What a great decision.
So in the morning, we packed up Gulliver (our Lazy Daze and with the Subaru leading), then headed down the mountain to Damascus. At the parking lot in Damascus Mary made breakfast (her lumberjack special without bacon). I got SeeMore assembled and attached Sammie's tail wagon.
The Virginia Creeper Rails Trail travels for 34 miles total, from end to end. Starting in Abington, Va and ending at the North Carolina border. Damascus Virginia is the exact half way point in the trail. If you wish a less stepper climb, take the trail towards Abington. Damascus is also famous for those hiking the Appalachian Trail, part of the Appalachian Trail actually follows the Virginia Creeper Rail Trail . . . SeeMore has now done some of the Appalachian Trail! Riding this trail is like taking a hike in the mountains on your bike. It is BEAUTIFUL, following the Whitetop Laurel River almost all of the time. If you seek views of wildlife, mountain laurel, birds, christmas tree farms, beautiful waterfalls, ride this treasure. The trail's wide graveled stone path crosses many bridges as it curves through the mountains. Along the trail are a number of rest room facilities, and there seems like there are plenty places to eat (during the busy months). You will pass hikers (some going up Mount Rogers, some enjoying the Appalachian Trail) and horse riders. There was very little bike traffic on the day we rode, due to off season. Although this trail is promoted as a mountail bike trail any bike with hybrid or non "street/road" specific tires will do well on the trail surfaces.
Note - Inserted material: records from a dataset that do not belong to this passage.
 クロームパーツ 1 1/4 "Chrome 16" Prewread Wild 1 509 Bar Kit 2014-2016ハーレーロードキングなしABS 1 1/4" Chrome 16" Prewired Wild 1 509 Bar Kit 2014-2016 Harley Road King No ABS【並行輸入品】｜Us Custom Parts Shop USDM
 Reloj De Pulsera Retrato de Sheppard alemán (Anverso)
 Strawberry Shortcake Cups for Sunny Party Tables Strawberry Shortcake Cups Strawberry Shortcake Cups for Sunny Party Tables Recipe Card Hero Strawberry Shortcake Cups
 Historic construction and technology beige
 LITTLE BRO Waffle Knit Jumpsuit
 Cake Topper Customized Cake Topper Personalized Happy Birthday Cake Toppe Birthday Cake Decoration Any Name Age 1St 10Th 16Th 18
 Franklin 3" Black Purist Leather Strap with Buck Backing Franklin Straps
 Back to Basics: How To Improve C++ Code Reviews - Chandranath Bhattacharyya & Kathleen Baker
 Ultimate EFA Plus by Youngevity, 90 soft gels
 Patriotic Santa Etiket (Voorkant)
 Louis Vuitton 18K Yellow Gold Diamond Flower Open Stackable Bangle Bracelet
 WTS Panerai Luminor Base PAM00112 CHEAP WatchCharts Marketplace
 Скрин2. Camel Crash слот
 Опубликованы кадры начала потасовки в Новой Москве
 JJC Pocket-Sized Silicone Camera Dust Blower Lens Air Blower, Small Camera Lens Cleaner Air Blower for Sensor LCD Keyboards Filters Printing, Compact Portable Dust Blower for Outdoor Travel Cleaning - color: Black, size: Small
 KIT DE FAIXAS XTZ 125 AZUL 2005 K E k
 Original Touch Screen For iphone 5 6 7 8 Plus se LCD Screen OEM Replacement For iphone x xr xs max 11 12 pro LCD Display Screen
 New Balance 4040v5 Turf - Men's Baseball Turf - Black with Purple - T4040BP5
There are (eye count) 5 bike rental companies in Damascus which allow you to not only rent bikes, but will take you to the Whitetop parking lot (or Abington), so you can have a very easy 17 mile ride back to Damascus. SeeMore would have none of that, being the thoroughbred that he is. The climb out of Damascus had grades from 2 percent to 5 percent . The steepest grades located towards the Whitetop end of the trail. It took our "out of shape bodies" about 3 hours to climb the 17 miles, and about an hour to go down. Of course, Sammie in the trailer didn't want to help pedal up hill!
We had lunch at the Whitetop staging / parking lot. On our return journey back to Gulliver, we did not pedal for about the first 5 miles. We had to pick up our pace a bit near the Green Cove Station, as we were chased by what we previously had thought was a big "dead white sheep" which actually turned out to be a very large newfoundland dog. . . who gave SeeMore and a barking Sammie a chase!
So if you in the area, make sure you get on your pedals and enjoy this Virginia Gem.